History of Greek Jewish Community
Ocupation
Greece became involved in the Second World War on October 28, 1940, when
the Italians simultaneously invaded Albania and presented an ultimatum to
the Greeks. The Greek dictator, Ioannis Metaxas, who had been in power
since 1936, responded with an adamant ‘ochi’, no, and moved the army
north to meet the attack. What Mussolini had seen as a war of a few weeks
became a grinding stalemate. The Italian war machinery bogged down in the
exceptionally heavy snows of that winter, and by the spring of 1941 the
Italians were forced to withdraw. From this embarassing situation the
Italians were saved by the Germans, who invaded Greece in 6 April.
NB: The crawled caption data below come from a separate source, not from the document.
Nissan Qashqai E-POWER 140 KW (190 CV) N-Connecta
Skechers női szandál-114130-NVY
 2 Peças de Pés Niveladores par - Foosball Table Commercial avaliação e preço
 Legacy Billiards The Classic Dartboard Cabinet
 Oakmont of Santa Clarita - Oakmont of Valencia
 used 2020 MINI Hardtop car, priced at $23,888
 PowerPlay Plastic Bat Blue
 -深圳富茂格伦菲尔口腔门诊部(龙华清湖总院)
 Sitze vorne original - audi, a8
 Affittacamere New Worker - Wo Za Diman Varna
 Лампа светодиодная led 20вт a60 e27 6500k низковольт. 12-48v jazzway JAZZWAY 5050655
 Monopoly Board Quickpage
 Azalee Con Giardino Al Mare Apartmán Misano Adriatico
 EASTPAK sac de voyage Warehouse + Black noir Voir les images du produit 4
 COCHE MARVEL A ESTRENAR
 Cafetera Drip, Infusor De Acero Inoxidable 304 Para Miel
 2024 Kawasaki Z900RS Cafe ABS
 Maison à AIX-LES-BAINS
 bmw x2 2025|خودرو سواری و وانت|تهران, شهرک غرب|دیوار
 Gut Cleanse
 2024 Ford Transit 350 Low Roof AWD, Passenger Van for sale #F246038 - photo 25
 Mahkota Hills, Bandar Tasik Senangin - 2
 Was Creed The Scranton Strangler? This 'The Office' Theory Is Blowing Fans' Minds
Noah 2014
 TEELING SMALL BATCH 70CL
The
exhausted Greek army no longer had the arms to repel the new attack, which
overran Athens on 21 April and defeated the last resistance on Crete by
the end of May. Germany and her allies, Bulgaria and Italy, were jubilant
at the success.
Greece was divided into three occupation zones. The Italians were
affirmed in their hold over the Dodecanese Islands, the Ionian Islands, a
large section of mainland Greece, and the Peloponnesos. The Bulgarians
were given eastern Macedonia and Thrace, with its accompanying access to
the Aegean, the goal of their 900 year old expansionist dreams. The
Germans laid claim to western Macedonia, Thessaloniki, a strip of
land lying along the Turkish border in eastern Thrace, the major Aegean
islands, and Crete. They also, of course, maintained rights of
intervention in the areas under Bulgarian and Italian occupation.